_Task details:_
Search the listing below for the line containing "Ванночка OkBaby Onda". From there through the line containing "PTI founder's wife Bushra Bibi meets him", transcribe every line exactly, both ends included.

(Information provided Opens)

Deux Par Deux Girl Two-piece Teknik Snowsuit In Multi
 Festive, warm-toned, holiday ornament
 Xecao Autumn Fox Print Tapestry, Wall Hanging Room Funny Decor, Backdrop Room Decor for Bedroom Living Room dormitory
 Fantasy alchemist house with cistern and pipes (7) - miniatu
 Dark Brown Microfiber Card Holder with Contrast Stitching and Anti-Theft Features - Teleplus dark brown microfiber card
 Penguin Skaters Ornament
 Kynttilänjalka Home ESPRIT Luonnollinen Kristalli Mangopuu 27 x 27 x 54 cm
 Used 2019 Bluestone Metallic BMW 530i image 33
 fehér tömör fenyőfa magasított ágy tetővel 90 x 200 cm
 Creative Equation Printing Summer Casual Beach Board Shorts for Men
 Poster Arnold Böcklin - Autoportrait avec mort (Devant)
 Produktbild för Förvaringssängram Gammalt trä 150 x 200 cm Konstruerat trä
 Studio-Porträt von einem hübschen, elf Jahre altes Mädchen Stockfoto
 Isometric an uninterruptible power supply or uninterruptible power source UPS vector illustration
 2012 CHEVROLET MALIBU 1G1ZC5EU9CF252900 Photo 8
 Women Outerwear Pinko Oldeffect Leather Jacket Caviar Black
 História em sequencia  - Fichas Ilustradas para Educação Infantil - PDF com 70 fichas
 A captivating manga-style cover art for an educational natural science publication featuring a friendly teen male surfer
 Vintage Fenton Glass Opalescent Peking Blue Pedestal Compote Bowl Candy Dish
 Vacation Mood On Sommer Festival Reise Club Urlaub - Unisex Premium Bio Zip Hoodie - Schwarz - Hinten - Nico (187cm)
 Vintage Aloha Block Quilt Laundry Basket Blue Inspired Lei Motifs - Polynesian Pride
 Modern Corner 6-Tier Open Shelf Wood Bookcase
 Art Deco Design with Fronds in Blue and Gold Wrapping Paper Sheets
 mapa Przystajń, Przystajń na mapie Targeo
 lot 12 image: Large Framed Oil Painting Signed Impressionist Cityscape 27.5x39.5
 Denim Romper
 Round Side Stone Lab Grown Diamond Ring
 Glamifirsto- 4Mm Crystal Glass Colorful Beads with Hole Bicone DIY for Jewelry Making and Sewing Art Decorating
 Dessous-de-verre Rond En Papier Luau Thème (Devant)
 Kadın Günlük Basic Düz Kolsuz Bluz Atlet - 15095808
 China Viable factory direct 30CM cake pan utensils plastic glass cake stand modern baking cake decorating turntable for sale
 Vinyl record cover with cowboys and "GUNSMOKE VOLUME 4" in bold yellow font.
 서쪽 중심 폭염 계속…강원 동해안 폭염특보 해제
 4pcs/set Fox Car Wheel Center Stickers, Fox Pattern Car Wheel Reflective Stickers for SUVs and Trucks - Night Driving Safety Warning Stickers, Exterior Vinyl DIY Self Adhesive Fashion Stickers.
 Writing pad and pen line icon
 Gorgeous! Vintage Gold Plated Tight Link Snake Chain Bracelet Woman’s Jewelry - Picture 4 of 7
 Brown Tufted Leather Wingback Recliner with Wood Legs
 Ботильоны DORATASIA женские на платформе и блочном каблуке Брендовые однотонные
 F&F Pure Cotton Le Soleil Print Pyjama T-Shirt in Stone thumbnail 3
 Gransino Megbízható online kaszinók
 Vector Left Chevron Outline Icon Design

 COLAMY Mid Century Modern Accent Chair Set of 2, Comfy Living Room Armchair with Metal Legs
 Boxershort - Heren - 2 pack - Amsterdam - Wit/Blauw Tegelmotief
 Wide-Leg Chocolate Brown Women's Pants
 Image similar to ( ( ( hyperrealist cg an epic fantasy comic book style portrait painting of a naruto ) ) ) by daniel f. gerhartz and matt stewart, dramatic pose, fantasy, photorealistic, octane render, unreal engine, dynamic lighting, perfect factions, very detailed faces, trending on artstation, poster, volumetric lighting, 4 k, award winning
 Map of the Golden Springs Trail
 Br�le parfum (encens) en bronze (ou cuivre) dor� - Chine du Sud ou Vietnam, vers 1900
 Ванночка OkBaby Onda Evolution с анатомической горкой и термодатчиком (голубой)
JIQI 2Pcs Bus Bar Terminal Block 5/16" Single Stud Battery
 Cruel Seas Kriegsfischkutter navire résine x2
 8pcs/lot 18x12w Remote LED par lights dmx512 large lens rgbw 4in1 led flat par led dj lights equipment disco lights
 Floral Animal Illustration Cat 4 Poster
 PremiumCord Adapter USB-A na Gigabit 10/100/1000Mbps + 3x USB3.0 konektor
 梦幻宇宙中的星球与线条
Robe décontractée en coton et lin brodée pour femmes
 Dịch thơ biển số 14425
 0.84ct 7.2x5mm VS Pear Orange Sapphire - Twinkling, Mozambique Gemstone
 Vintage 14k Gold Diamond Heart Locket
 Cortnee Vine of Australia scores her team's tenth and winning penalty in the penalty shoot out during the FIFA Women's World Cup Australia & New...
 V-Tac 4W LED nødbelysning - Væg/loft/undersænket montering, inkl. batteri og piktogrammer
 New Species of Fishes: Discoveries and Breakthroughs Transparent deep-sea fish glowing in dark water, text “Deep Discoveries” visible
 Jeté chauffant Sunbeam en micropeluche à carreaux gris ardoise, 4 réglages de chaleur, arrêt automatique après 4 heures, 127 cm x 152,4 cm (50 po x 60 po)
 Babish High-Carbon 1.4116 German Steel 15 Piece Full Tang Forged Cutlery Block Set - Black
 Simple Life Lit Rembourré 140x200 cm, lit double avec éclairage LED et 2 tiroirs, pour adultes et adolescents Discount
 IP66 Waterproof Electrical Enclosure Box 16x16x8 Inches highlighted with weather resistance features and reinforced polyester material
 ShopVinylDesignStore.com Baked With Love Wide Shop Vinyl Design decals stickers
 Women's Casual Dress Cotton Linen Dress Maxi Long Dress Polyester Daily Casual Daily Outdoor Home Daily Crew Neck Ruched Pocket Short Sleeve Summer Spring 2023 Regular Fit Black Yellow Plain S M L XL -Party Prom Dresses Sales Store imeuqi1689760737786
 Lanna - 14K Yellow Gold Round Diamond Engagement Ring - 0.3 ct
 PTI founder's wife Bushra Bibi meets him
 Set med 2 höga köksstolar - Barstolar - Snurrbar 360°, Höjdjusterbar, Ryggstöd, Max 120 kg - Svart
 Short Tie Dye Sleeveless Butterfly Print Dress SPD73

(Information provided Closes)

_Task output:_
 Ванночка OkBaby Onda Evolution с анатомической горкой и термодатчиком (голубой)
JIQI 2Pcs Bus Bar Terminal Block 5/16" Single Stud Battery
 Cruel Seas Kriegsfischkutter navire résine x2
 8pcs/lot 18x12w Remote LED par lights dmx512 large lens rgbw 4in1 led flat par led dj lights equipment disco lights
 Floral Animal Illustration Cat 4 Poster
 PremiumCord Adapter USB-A na Gigabit 10/100/1000Mbps + 3x USB3.0 konektor
 梦幻宇宙中的星球与线条
Robe décontractée en coton et lin brodée pour femmes
 Dịch thơ biển số 14425
 0.84ct 7.2x5mm VS Pear Orange Sapphire - Twinkling, Mozambique Gemstone
 Vintage 14k Gold Diamond Heart Locket
 Cortnee Vine of Australia scores her team's tenth and winning penalty in the penalty shoot out during the FIFA Women's World Cup Australia & New...
 V-Tac 4W LED nødbelysning - Væg/loft/undersænket montering, inkl. batteri og piktogrammer
 New Species of Fishes: Discoveries and Breakthroughs Transparent deep-sea fish glowing in dark water, text “Deep Discoveries” visible
 Jeté chauffant Sunbeam en micropeluche à carreaux gris ardoise, 4 réglages de chaleur, arrêt automatique après 4 heures, 127 cm x 152,4 cm (50 po x 60 po)
 Babish High-Carbon 1.4116 German Steel 15 Piece Full Tang Forged Cutlery Block Set - Black
 Simple Life Lit Rembourré 140x200 cm, lit double avec éclairage LED et 2 tiroirs, pour adultes et adolescents Discount
 IP66 Waterproof Electrical Enclosure Box 16x16x8 Inches highlighted with weather resistance features and reinforced polyester material
 ShopVinylDesignStore.com Baked With Love Wide Shop Vinyl Design decals stickers
 Women's Casual Dress Cotton Linen Dress Maxi Long Dress Polyester Daily Casual Daily Outdoor Home Daily Crew Neck Ruched Pocket Short Sleeve Summer Spring 2023 Regular Fit Black Yellow Plain S M L XL -Party Prom Dresses Sales Store imeuqi1689760737786
 Lanna - 14K Yellow Gold Round Diamond Engagement Ring - 0.3 ct
 PTI founder's wife Bushra Bibi meets him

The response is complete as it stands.